Сергиенко Валентина Ильинична

Я родилась 10-го января 1934 года.

Пару слов, пожалуйста, о довоенной жизни вашей семьи.

Отец у меня родом с Донбасса. Под Краматорском есть такое большое село Сергеевка. Как раз там, где сейчас весь этот ужас творится… Оттуда его призвали на военную службу, и в начале 30-х годов он оказался в пограничном отряде в Туркмении на границе с Афганистаном. А в этом же погранотряде работала моя бабушка - Понявина Ирина Алексеевна. Сама она родом из села Верхняя Добринка, ныне Жирновского района Волгоградской области. Ее муж, мой дед, погиб еще в Гражданскую, а она, спасаясь от жуткого голода в Поволжье с двумя детьми бежала в Туркмению. Устроилась поваром в погранотряд, и там мама с папой встретились и поженились. Там же родилась я, две сестры и брат.

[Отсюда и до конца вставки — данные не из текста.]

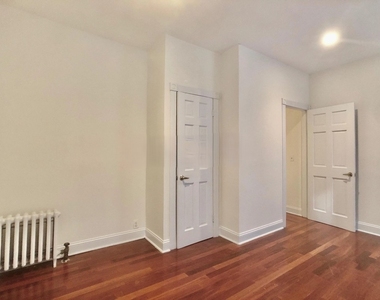 172nd Street,  Ft Washington Avenue - Photo Thumbnail 8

Во время срочной службы папа хорошо проявил себя, поэтому после демобилизации его пригласили на службу в органы. Этим объясняется то, что в годы войны он не попал на фронт. У всех сотрудников МГБ была «бронь». Официально басмачи были разгромлены еще в конце 20-х годов, но вплоть до самой войны они ходили на нашу землю. Поэтому там всегда было неспокойно, сложно и опасно. А в годы войны активизировалась деятельность и разного рода шпионов. В моем детском мозгу плотно сидела мысль – мой папа ловит английских шпионов!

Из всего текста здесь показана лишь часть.